[What you will do]: Keep every word of the listing and reproduce it exactly, but set aside any image found there.

[Dataset excerpt]:

=== Section Start ===

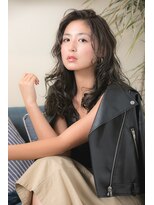 レラート デザイン コスタ 浦和(Relato DESIGN COSTA)&nbsp;2018-2019　RE03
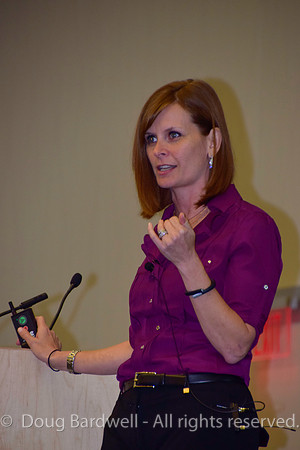 CMWorld-3741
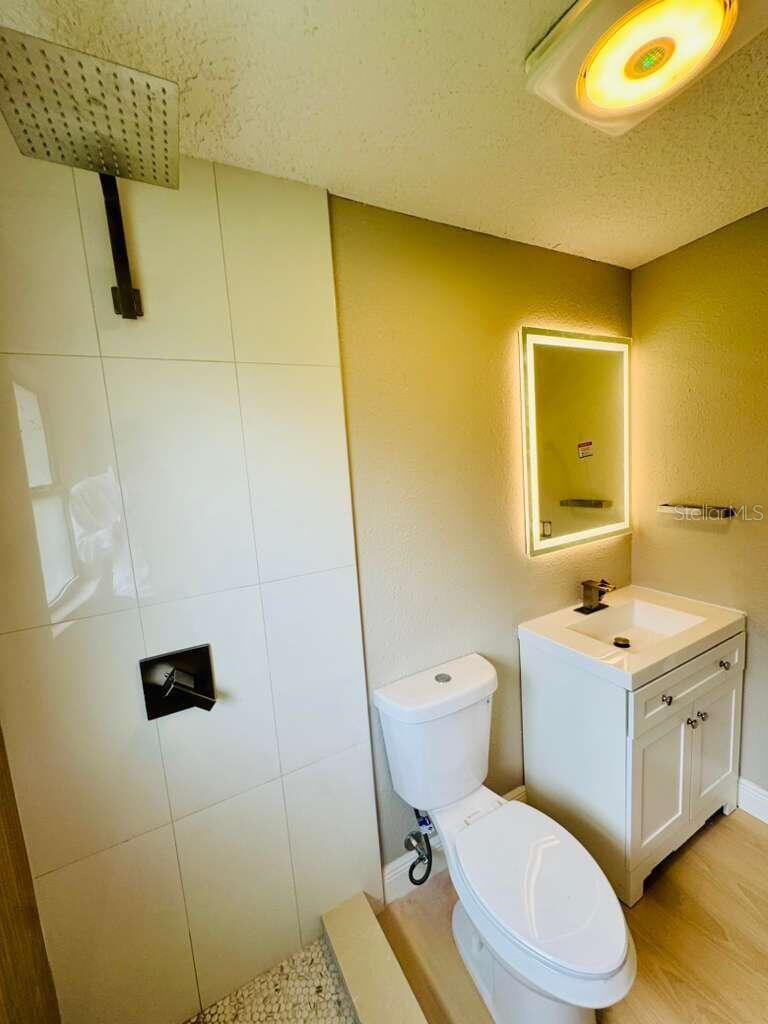 4910 HUPPEL AVE, ORLANDO, FL, 32811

=== Section End ===

[Solution to the problem]:
 レラート デザイン コスタ 浦和(Relato DESIGN COSTA)&nbsp;2018-2019　RE03
 CMWorld-3741
 4910 HUPPEL AVE, ORLANDO, FL, 32811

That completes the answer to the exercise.